● **WORK INSTRUCTIONS**
From the listing below, extract each line containing the string "blue".

● **MATERIAL PROVIDED**

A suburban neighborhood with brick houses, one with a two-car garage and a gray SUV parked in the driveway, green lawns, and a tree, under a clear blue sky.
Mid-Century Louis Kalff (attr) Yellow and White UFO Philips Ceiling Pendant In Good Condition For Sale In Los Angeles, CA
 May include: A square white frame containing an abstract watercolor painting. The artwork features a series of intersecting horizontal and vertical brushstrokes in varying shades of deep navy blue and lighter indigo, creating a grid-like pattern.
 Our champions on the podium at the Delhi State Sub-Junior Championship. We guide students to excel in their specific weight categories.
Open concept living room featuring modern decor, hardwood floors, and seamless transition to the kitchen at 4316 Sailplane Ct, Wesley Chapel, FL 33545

● **WRITTEN REPLY**
A suburban neighborhood with brick houses, one with a two-car garage and a gray SUV parked in the driveway, green lawns, and a tree, under a clear blue sky.
 May include: A square white frame containing an abstract watercolor painting. The artwork features a series of intersecting horizontal and vertical brushstrokes in varying shades of deep navy blue and lighter indigo, creating a grid-like pattern.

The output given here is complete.